The length of a string with umlauts coming from the filesystem

Question 1

Ruby string does supprot only ASCII chracters till now. So you can use the gem - unicode for this, when you will be having non-ascii charcaters. Look here also - width .

require "unicode"

s1 = "Propädeutikum"
s2 = "Propadeutikum"
Unicode::width(s1) # => 13
Unicode::width(s2) # => 13

Read this post Re: how to capitalize nonascii characters ?

Hi,

Yes, use unicode gem for now. String operations on non ASCII characters are one of the topics for upcoming Ruby 2.2.
         matz.

Question 2

In unicode some characters, such as ä, can be represented in two ways. They can be a single codepoint, such as U+00E4 in the case of ä, or they can be formed from a “base” character immediately followed by a combining character such as a followed by U+0308 (COMBINING DIAERESIS). In the latter case, the combined character consists of two code points, and Ruby’s String#length method only returns the total number of code points so you can get differing values for the lengths of what appear to be the same strings.

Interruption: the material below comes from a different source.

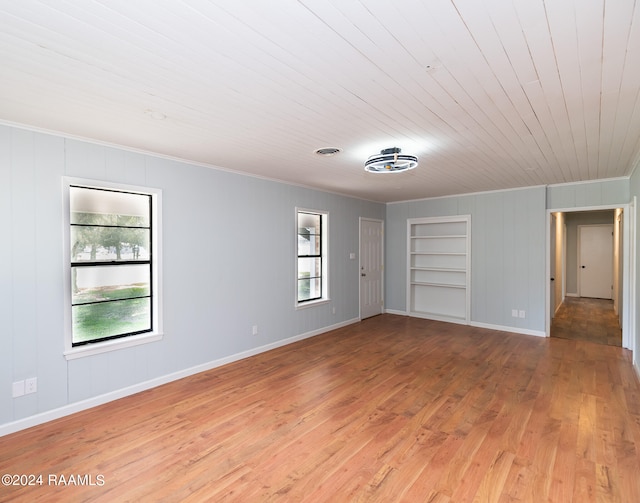 spare room with a healthy amount of sunlight, built in shelves, wood ceiling, and wood-type flooring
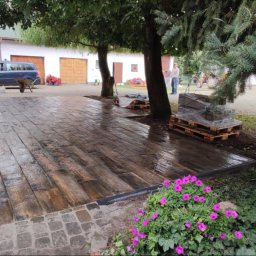 Usługi brukarskie Adam Maciąg - Ułożona nawierzchnia z kostki brukowej imitującej drewno, obrzeża z czarnego tworzywa, obok rabata z różowymi kwiatami, w tle zaparkowany samochód i budynek gospodarczy.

s1 = "ä"        # single codepoint
s2 = "a"        # 'base' letter
s3 = "a\u0308"  # base letter + combining character

[s1, s2, s3].each do |s|
  puts "Letter:     #{s}"
  puts "Bytes:      #{s.bytes}"
  puts "Codepoints: #{s.codepoints}"
  puts "Length:     #{s.length}"
  puts
end

Output:

Letter:     ä
Bytes:      [195, 164]
Codepoints: [228]
Length:     1

Letter:     a
Bytes:      [97]
Codepoints: [97]
Length:     1

Letter:     ä
Bytes:      [97, 204, 136]
Codepoints: [97, 776]
Length:     2

(The bytes is the UTF-8 encoding of the characters. In UTF-8 some characters are encoded as multiple bytes – this is a separate issue from the combining characters.)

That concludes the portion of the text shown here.